**ASSIGNMENT:** Write back every line of the listing exactly, excluding images.

----- DATA SECTION

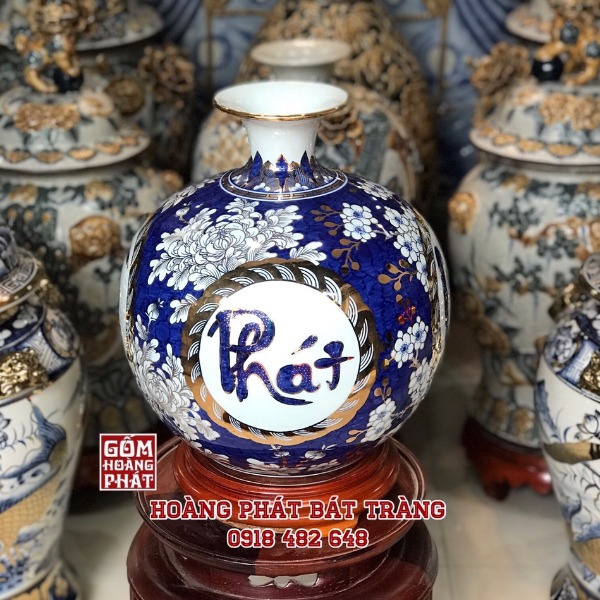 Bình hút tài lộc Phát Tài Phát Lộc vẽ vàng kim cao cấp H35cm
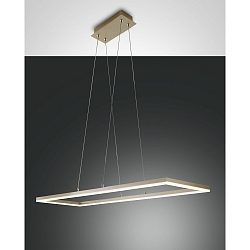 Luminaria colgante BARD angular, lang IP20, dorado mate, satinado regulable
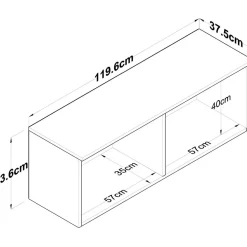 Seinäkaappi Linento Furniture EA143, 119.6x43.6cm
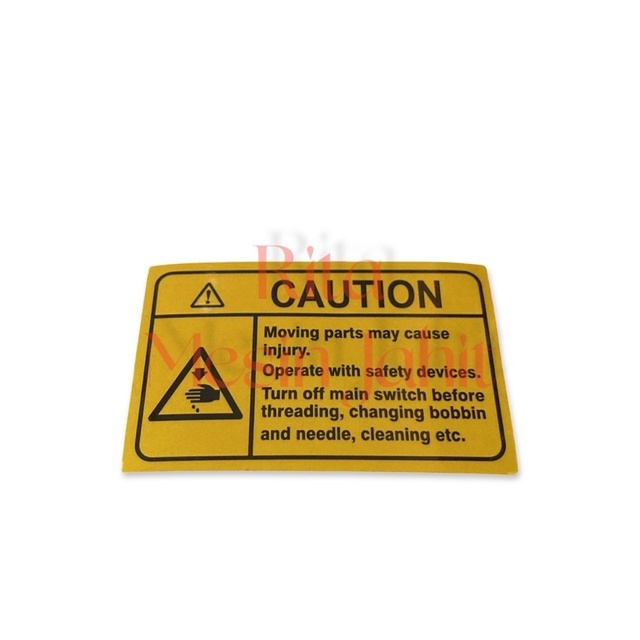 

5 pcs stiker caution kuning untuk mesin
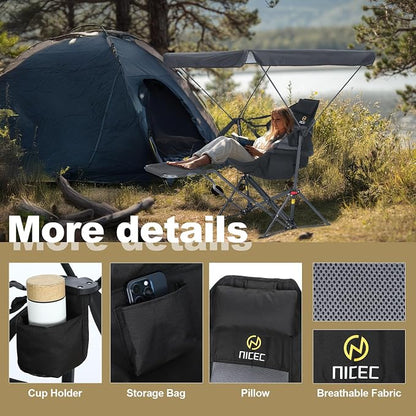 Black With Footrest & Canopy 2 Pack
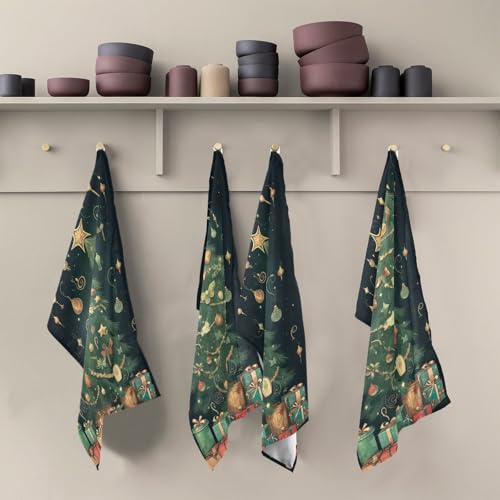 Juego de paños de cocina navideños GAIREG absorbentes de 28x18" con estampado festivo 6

----------

**OUTPUT:**
 Bình hút tài lộc Phát Tài Phát Lộc vẽ vàng kim cao cấp H35cm
 Luminaria colgante BARD angular, lang IP20, dorado mate, satinado regulable
 Seinäkaappi Linento Furniture EA143, 119.6x43.6cm

5 pcs stiker caution kuning untuk mesin
 Black With Footrest & Canopy 2 Pack
 Juego de paños de cocina navideños GAIREG absorbentes de 28x18" con estampado festivo 6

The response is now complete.